[Web page caption snippets]
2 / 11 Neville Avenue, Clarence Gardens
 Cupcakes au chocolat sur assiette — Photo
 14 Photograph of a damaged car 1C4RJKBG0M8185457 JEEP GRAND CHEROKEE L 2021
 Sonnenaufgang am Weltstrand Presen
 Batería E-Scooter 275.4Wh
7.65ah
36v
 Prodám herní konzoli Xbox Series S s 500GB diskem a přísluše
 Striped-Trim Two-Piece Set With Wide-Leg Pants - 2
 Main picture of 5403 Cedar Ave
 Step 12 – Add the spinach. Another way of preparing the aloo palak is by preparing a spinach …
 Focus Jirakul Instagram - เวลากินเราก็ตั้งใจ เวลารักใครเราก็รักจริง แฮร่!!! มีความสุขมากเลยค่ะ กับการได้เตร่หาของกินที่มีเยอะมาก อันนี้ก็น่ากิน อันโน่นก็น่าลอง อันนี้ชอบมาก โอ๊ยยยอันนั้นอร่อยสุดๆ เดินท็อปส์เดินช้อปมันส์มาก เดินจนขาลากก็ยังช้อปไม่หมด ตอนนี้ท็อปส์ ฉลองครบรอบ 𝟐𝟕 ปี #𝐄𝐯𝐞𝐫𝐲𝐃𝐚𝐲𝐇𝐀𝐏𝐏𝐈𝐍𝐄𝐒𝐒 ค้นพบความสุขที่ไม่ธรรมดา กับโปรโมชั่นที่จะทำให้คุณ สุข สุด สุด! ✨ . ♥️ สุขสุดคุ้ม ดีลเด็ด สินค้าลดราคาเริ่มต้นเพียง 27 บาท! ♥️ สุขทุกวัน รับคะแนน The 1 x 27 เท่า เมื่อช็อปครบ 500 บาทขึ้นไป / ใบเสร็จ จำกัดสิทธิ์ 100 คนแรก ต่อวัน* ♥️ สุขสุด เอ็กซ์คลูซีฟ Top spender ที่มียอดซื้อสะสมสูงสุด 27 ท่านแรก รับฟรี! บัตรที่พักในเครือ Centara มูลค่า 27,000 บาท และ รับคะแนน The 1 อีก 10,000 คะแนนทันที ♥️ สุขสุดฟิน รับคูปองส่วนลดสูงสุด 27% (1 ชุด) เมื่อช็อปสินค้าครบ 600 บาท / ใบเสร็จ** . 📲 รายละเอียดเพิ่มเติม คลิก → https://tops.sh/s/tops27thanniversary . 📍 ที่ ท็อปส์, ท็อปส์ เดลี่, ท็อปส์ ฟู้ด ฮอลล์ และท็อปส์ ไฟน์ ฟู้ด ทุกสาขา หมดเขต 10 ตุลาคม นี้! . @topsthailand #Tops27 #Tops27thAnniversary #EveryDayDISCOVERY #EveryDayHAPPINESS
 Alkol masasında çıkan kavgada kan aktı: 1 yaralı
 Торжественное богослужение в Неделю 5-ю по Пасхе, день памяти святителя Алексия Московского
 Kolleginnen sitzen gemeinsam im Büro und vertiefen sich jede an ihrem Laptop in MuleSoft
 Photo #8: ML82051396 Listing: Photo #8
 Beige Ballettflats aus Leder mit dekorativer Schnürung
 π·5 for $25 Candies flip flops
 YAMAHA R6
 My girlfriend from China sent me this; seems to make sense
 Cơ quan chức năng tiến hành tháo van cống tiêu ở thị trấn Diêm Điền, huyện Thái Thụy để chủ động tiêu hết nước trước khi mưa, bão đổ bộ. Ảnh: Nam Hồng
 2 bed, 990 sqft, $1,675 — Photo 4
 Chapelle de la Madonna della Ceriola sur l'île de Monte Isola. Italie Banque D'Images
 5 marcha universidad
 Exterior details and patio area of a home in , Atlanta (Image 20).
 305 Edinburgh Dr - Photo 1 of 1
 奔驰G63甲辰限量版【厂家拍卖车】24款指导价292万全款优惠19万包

▶ **DESCRIPTION OF THE TASK**:
Would you retype the lines above from the one with "My girlfriend from" down to the one with "5 marcha universidad", word for word, both ends included and no other lines?

▶ **TASK OUTPUT**:
 My girlfriend from China sent me this; seems to make sense
 Cơ quan chức năng tiến hành tháo van cống tiêu ở thị trấn Diêm Điền, huyện Thái Thụy để chủ động tiêu hết nước trước khi mưa, bão đổ bộ. Ảnh: Nam Hồng
 2 bed, 990 sqft, $1,675 — Photo 4
 Chapelle de la Madonna della Ceriola sur l'île de Monte Isola. Italie Banque D'Images
 5 marcha universidad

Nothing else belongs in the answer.